In a city whose modern development has based itself on the
inseparability of architecture and urbanism, where not only the plan but the
elevation has been defined and strictly regulated for over 150 years, there is
something uncanny about Barcelona’s developing neighborhood “22@” – the
“Innovation District.” Situated in the old industrial zone of Poble Nou, the new
development’s treatment of the local existent architecture is emblematic of the
relation between neoliberalism’s compulsion towards the new and the contextual
history in which this gambit takes place. Street signs at the base of oversized
shiny towers and weird techno-ecological buildings point towards a perplexing
amount of factory-turned-historical-museums.

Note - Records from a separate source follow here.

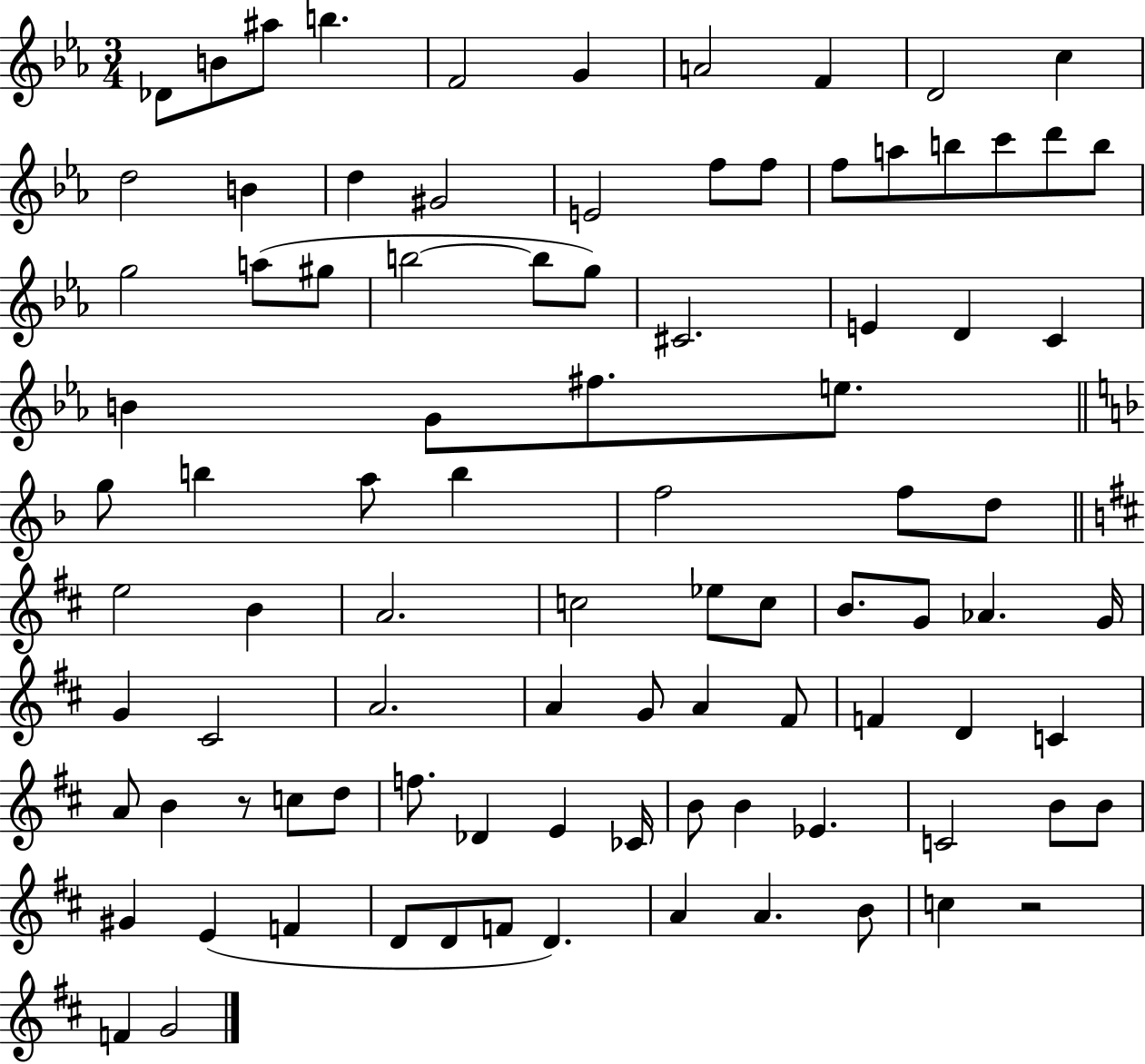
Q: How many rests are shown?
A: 2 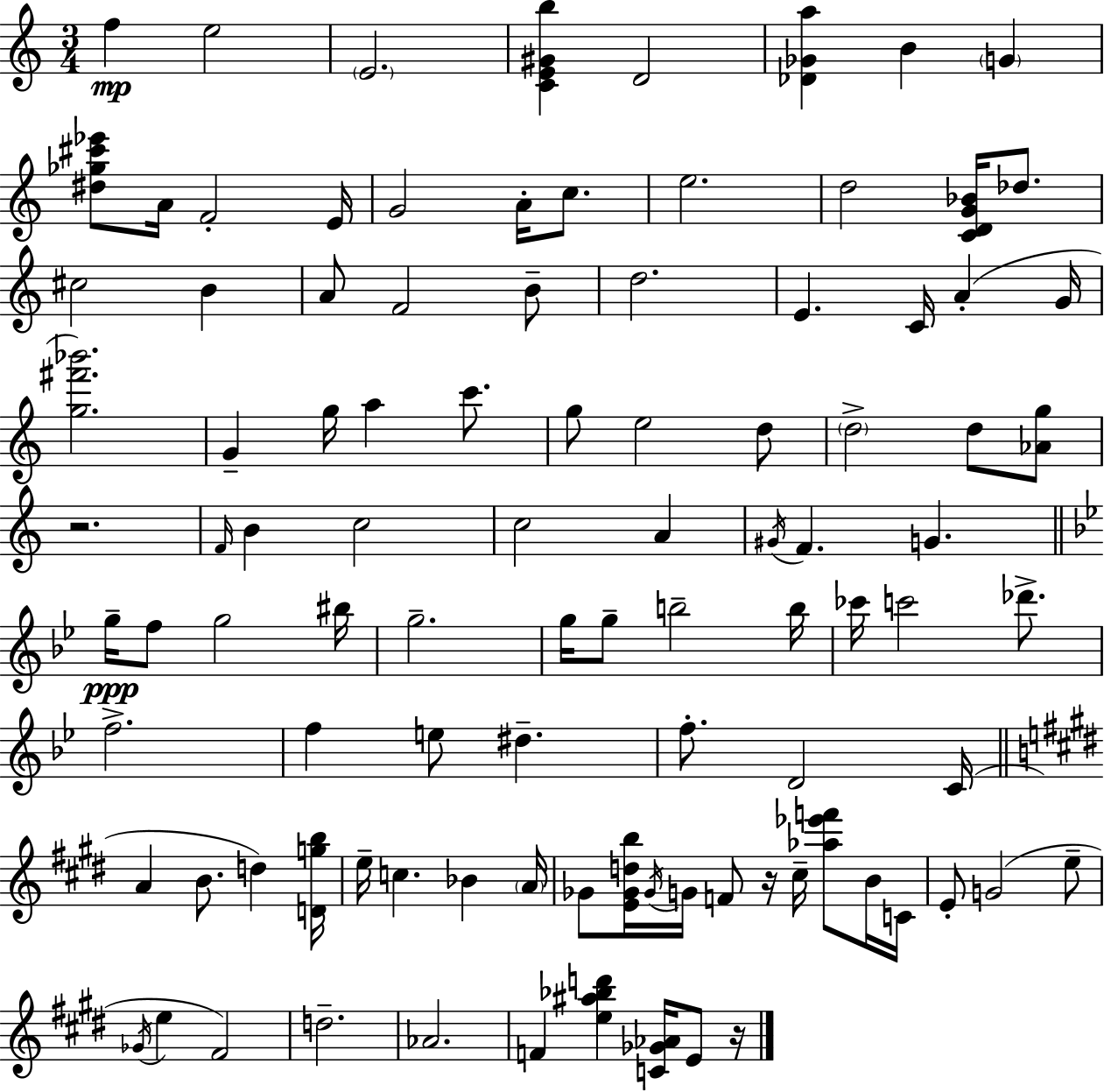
X:1
T:Untitled
M:3/4
L:1/4
K:Am
f e2 E2 [CE^Gb] D2 [_D_Ga] B G [^d_g^c'_e']/2 A/4 F2 E/4 G2 A/4 c/2 e2 d2 [CDG_B]/4 _d/2 ^c2 B A/2 F2 B/2 d2 E C/4 A G/4 [g^f'_b']2 G g/4 a c'/2 g/2 e2 d/2 d2 d/2 [_Ag]/2 z2 F/4 B c2 c2 A ^G/4 F G g/4 f/2 g2 ^b/4 g2 g/4 g/2 b2 b/4 _c'/4 c'2 _d'/2 f2 f e/2 ^d f/2 D2 C/4 A B/2 d [Dgb]/4 e/4 c _B A/4 _G/2 [E_Gdb]/4 _G/4 G/4 F/2 z/4 ^c/4 [_a_e'f']/2 B/4 C/4 E/2 G2 e/2 _G/4 e ^F2 d2 _A2 F [e^a_bd'] [C_G_A]/4 E/2 z/4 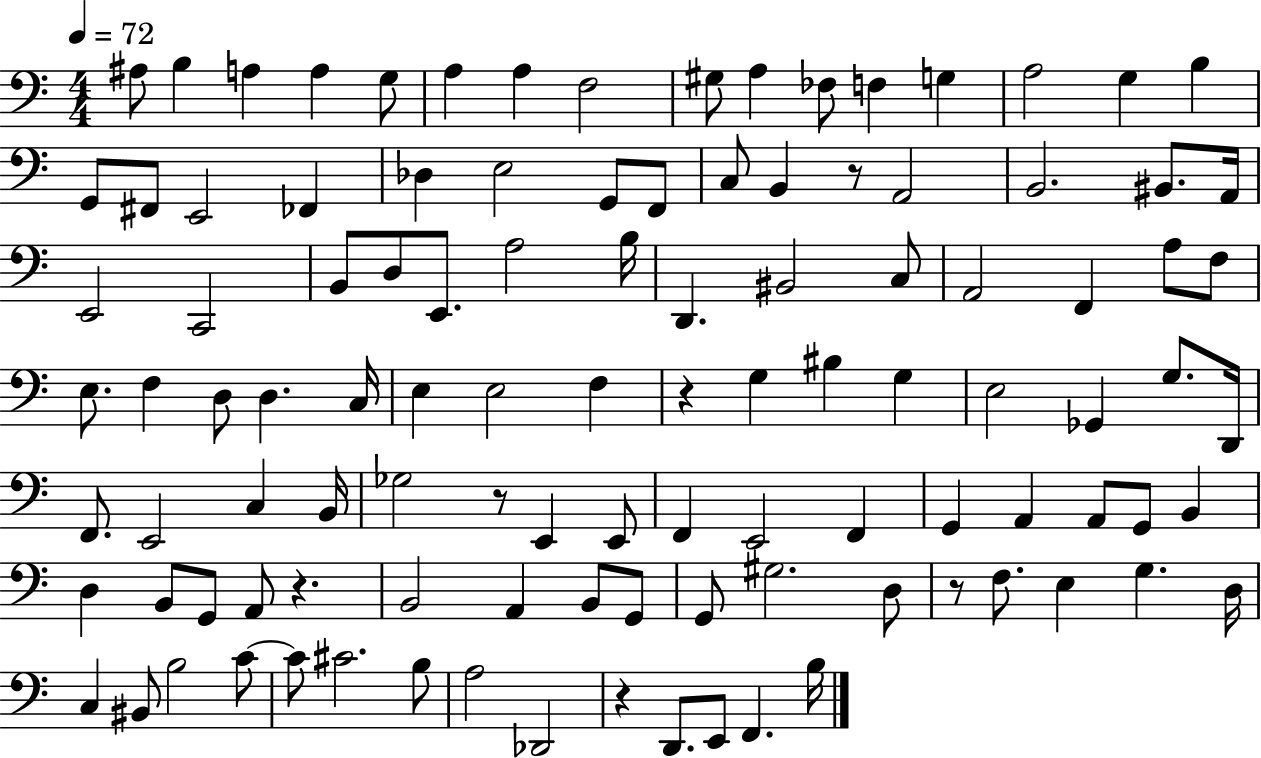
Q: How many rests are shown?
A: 6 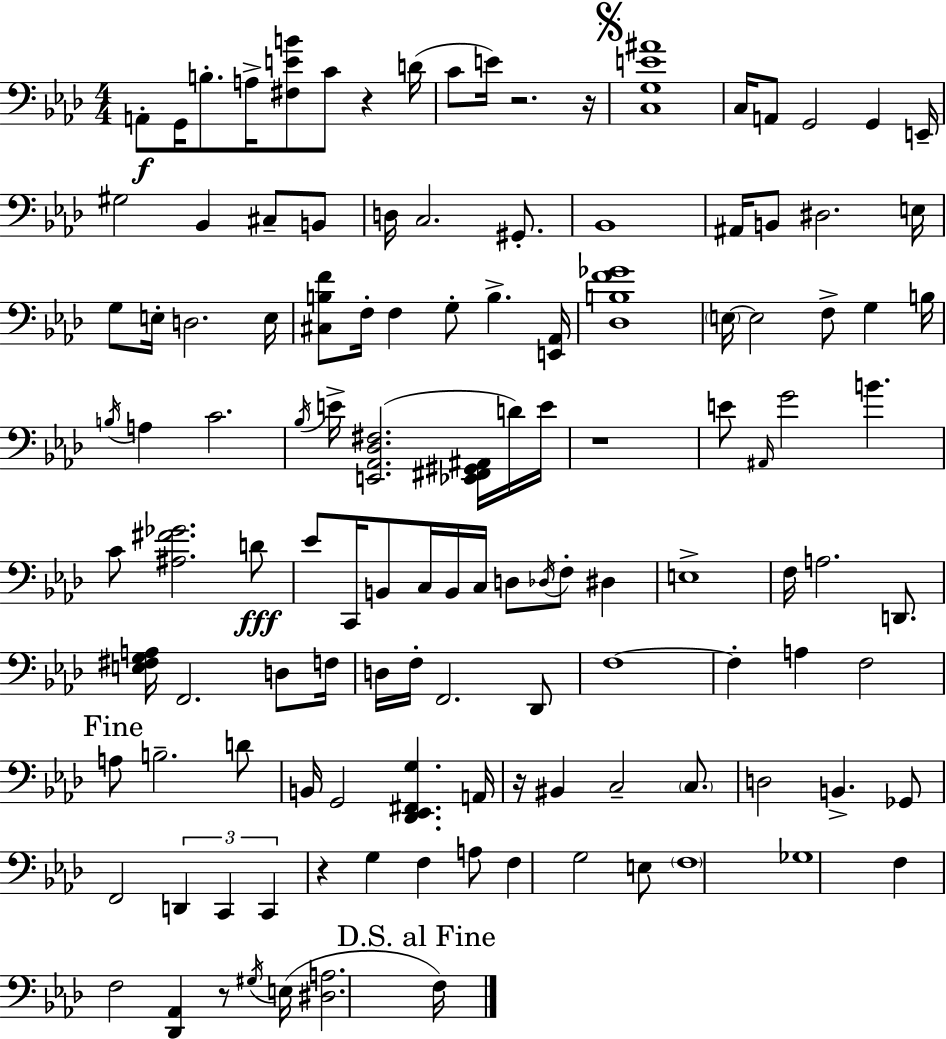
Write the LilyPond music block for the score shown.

{
  \clef bass
  \numericTimeSignature
  \time 4/4
  \key aes \major
  \repeat volta 2 { a,8-.\f g,16 b8.-. a16-> <fis e' b'>8 c'8 r4 d'16( | c'8 e'16) r2. r16 | \mark \markup { \musicglyph "scripts.segno" } <c g e' ais'>1 | c16 a,8 g,2 g,4 e,16-- | \break gis2 bes,4 cis8-- b,8 | d16 c2. gis,8.-. | bes,1 | ais,16 b,8 dis2. e16 | \break g8 e16-. d2. e16 | <cis b f'>8 f16-. f4 g8-. b4.-> <e, aes,>16 | <des b f' ges'>1 | \parenthesize e16~~ e2 f8-> g4 b16 | \break \acciaccatura { b16 } a4 c'2. | \acciaccatura { bes16 } e'16-> <e, aes, des fis>2.( <ees, fis, gis, ais,>16 | d'16) e'16 r1 | e'8 \grace { ais,16 } g'2 b'4. | \break c'8 <ais fis' ges'>2. | d'8\fff ees'8 c,16 b,8 c16 b,16 c16 d8 \acciaccatura { des16 } f8-. | dis4 e1-> | f16 a2. | \break d,8. <e fis g a>16 f,2. | d8 f16 d16 f16-. f,2. | des,8 f1~~ | f4-. a4 f2 | \break \mark "Fine" a8 b2.-- | d'8 b,16 g,2 <des, ees, fis, g>4. | a,16 r16 bis,4 c2-- | \parenthesize c8. d2 b,4.-> | \break ges,8 f,2 \tuplet 3/2 { d,4 | c,4 c,4 } r4 g4 | f4 a8 f4 g2 | e8 \parenthesize f1 | \break ges1 | f4 f2 | <des, aes,>4 r8 \acciaccatura { gis16 } e16( <dis a>2. | \mark "D.S. al Fine" f16) } \bar "|."
}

The sensitive filigree that characterized early-twentieth century Catalan brick
architecture is often lost in translation to the language of a curtain wall,
either glazed over or excessively complicated and aestheticized.
Few stipulations were made regarding what could take place
inside of urban planner Ildefons Cerdá’s enigmatic octagonal blocks, or “illes”
as Catalan people call them, under the condition that each was to be planned
and developed as a whole. The freedom given by the municipal government to the
district’s creators was an experiment carried out under the aegis of
“innovation,” designed to generate marketing and cognitive capital as much as
monetary revenue. Then again – isn’t that the kind of freedom that ultimately
enabled Gaudí to build his fantastic structures?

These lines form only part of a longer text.